Truth Initiative provides some interesting data, including the following:
- Of smokers, 99 percent start before they are 27 years old.
- Students with an associate degree who smoke: 17.9 percent.
- Students with a bachelor’s degree who smoke: 9.1 percent.
- Dogs and cats are twice as likely to get cancer if their owners smoke.
Colleges in more than 25 states have received grants from the Truth Initiative organization. Also, locally, the University of Nevada, Reno established a “Tobacco-Free University” policy on Aug. 1, 2015.
Karin Hilgersom, PhD, TMCC President supports the student initiative to create a healthier learning and working environment.
“In Nevada over 4,000 deaths are attributed to tobacco use annually, this is the number one cause of avoidable death in the United States,” Dr. Hilgersom said. “Over $1 billion is spent in Nevada alone on annual health care costs directly related to tobacco use. By establishing a tobacco-free, smoke-free environment we will reduce risks not only for tobacco users but also reduce exposure to carcinogens and asthma triggers for non-tobacco users.”
Grant Period is 18 Months: June 15, 2016–Dec. 15, 2017
The initial new grantee orientation meeting took place on June 27. Bledsoe, Turner and Vargas were joined by Nicole Shimabuku, Student Activities and Leadership Coordinator and Tammy Freeman, Grants Manager. Also attending were Rebecca Jostens, Executive Assistant, TMCC Foundation and a representative from Washoe County Health District (WCHD).
A formal committee will be established. Representatives from all departments and sites are being sought. This committee will include additional students, and Karls will serve as a community member on the committee.
“It’s better to let people on campus know that they are a part of the process, and that’s it’s a democratic college community effort,” Turner said.
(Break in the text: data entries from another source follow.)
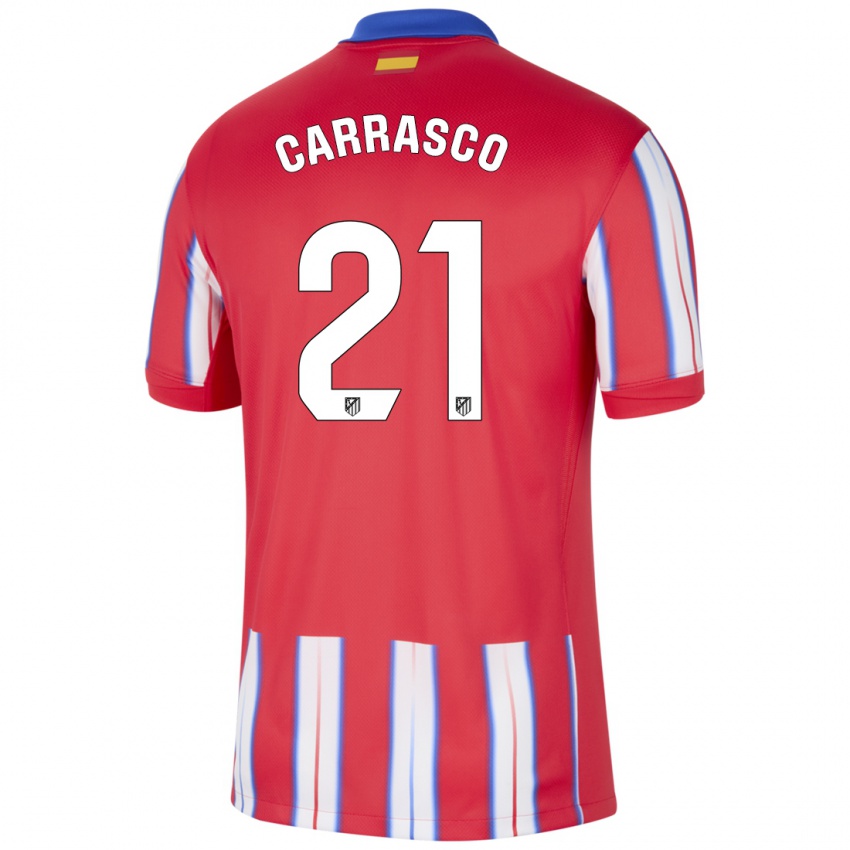 Lapset Yannick Carrasco #21 Punainen Valkoinen Sininen Kotipaita 2024/25 Lyhythihainen Paita T-Paita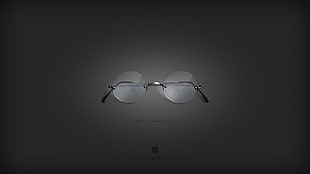 round eyeglasses with silver-colored frames, Steve Jobs, goggles,  grey, apples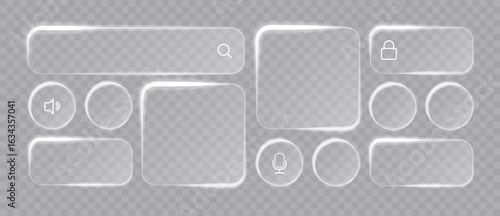 Liquid glass effect smartphone icon interface isolated. White UI light frame square and circle banner with glow stroke. Control center widget for smartphone and web app, vector illustration.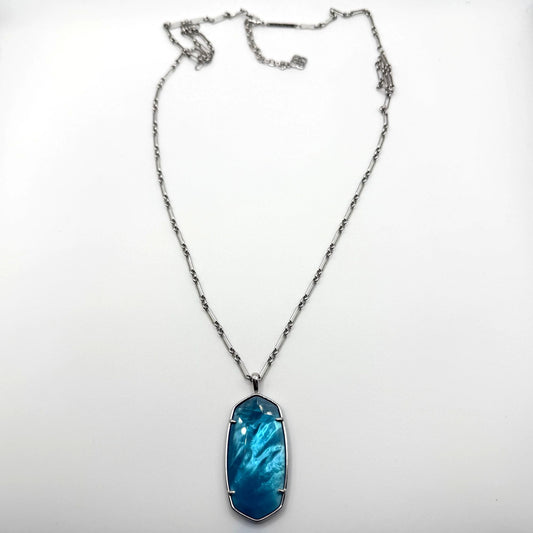 Kendra Scott Silver Tone Long Necklace With Blue Pendant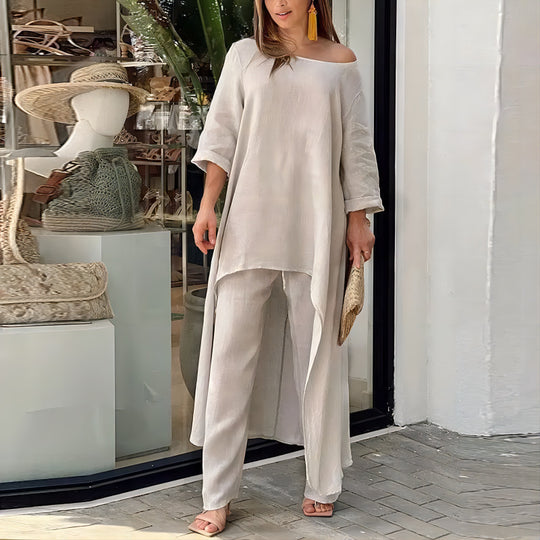 Damen nan weit geschnittenes Leinenzweiteiler Set mit asymmetrischer Tunika und lockeren Marlene-Hose EB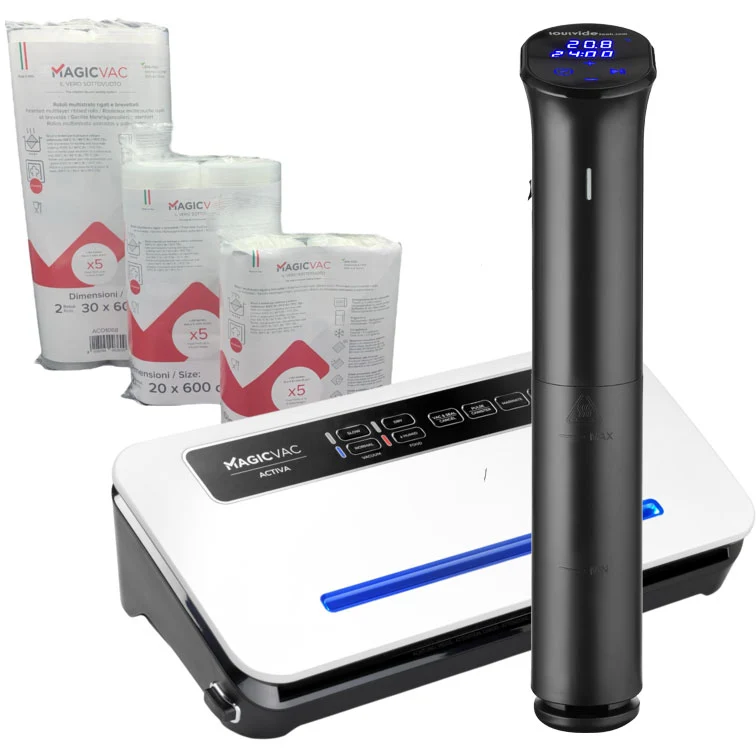 Sous Vide Csomag – iVide 2.0 sous vide rúd + Activa vákuumozó gép + vákuumfólia tekercsek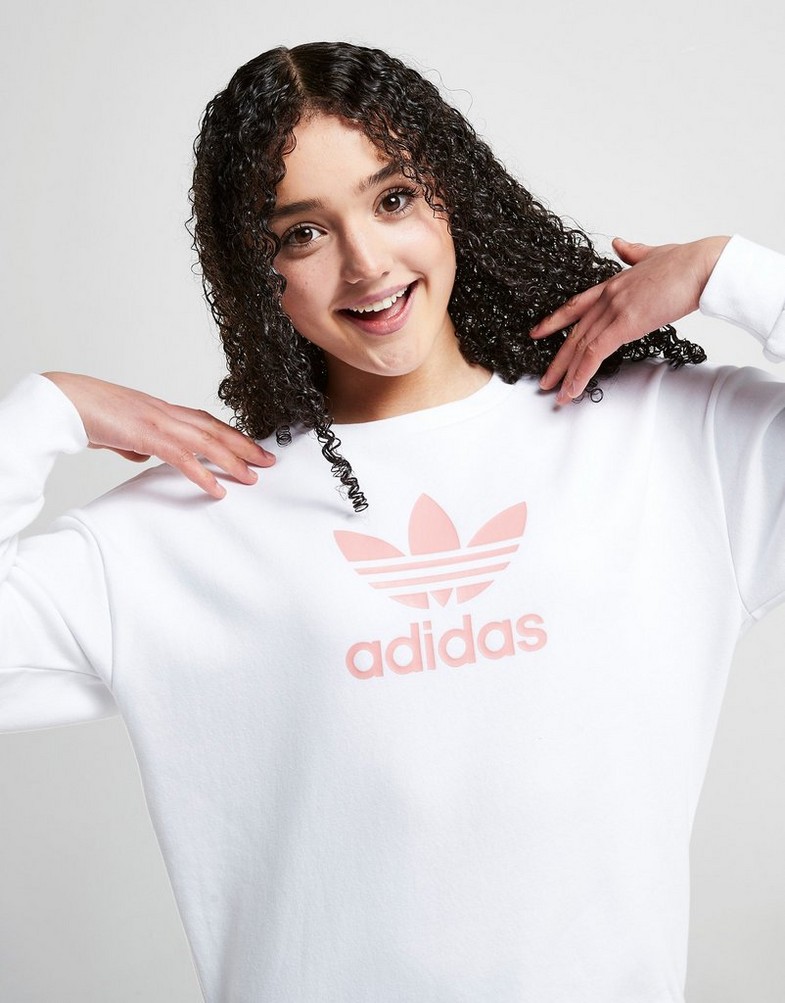 Bluză pentru copii ADIDAS GIRLS' TREFOIL BOYFRIEND CREW SWEATSHIRT  655430 Alb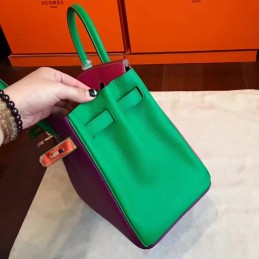 Replica Hermes Purple Green Colorblock Birkin 30 Gold Hardware Bag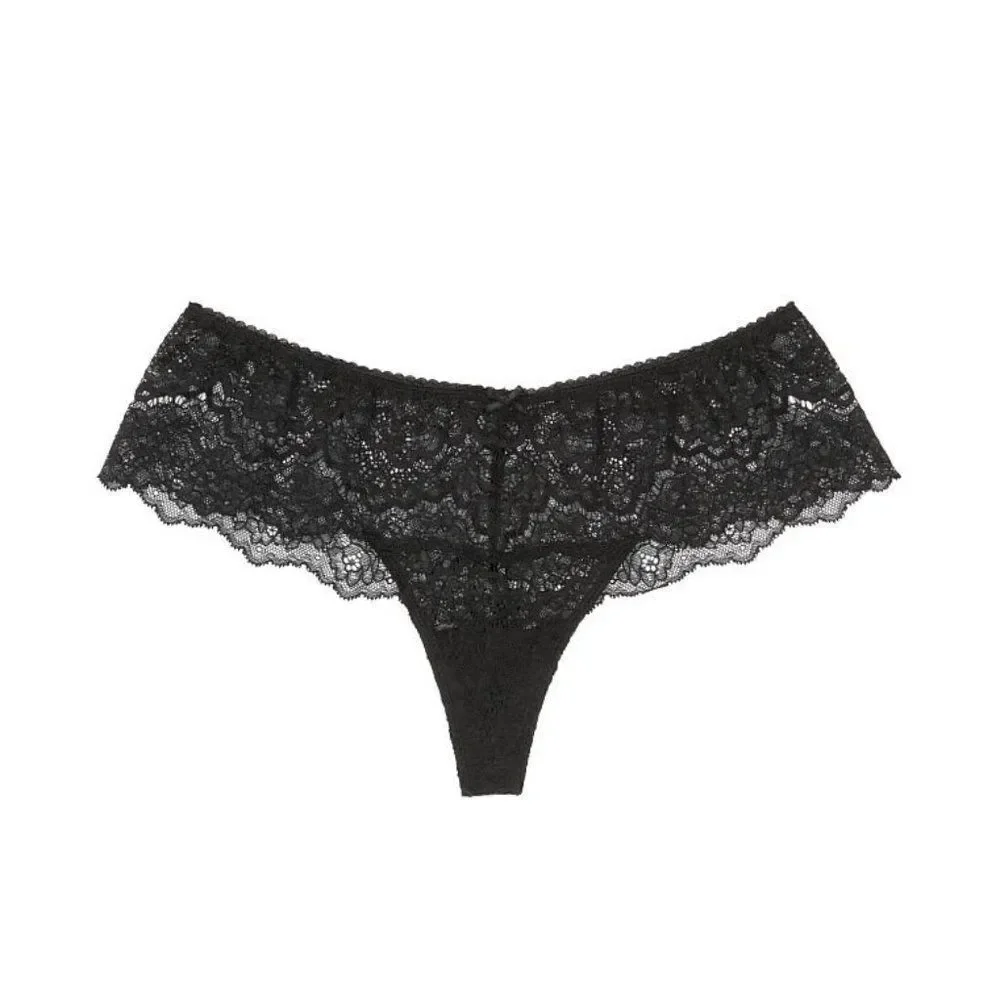Dream Angel's Victoria's Secret Women Black Lace Hipster Thong Panty Size M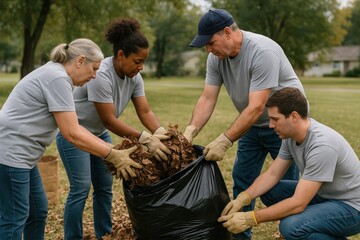 Teamwork in community cleanup effort.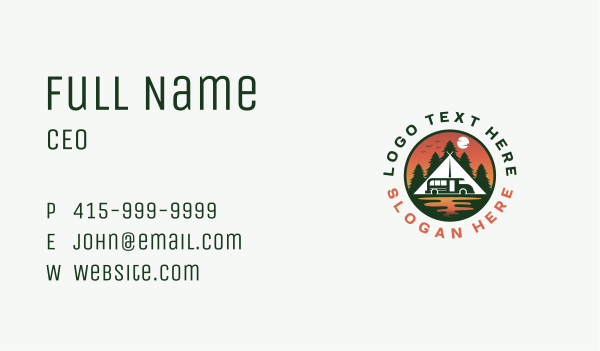 Camping Van Outdoor Business Card Design Image Preview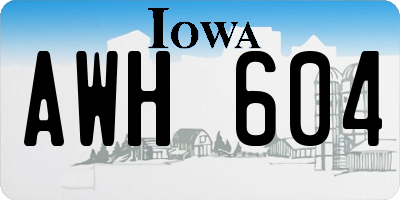 IA license plate AWH604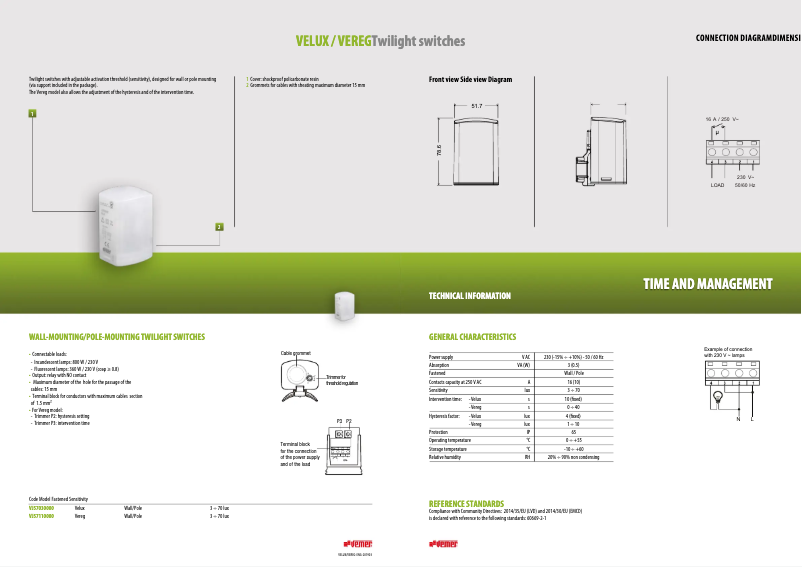Page 1 de la notice Fiche technique Vemer Velux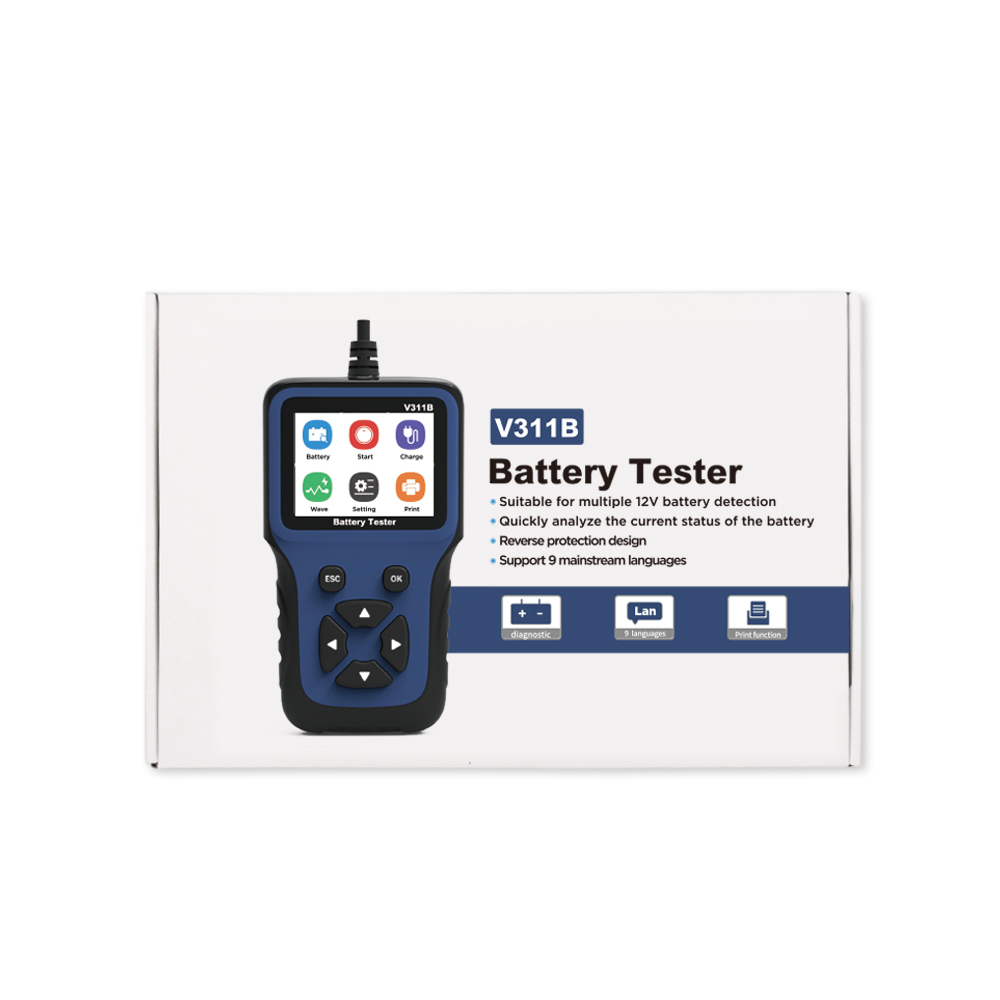 Automotive V311B Alternator Tester Digital Auto Battery Analyzer Charging Cranking System Tester for Car Truck Marine Motorcycle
Dr. Hilgersom adds that the process will be gradual.
“I understand restricting tobacco use on our campus sites can lead to increased stress on students already feeling the pressures of keeping up with their studies and are often times balancing classes with their work and home life,” she said. “Over the next few months the College will provide information, education, and data on smoking and smokeless tobacco cessation programs in an effort to help those who would like to ‘kick the habit.’"
Close to 1,500 U.S. campuses are now tobacco and smoke free.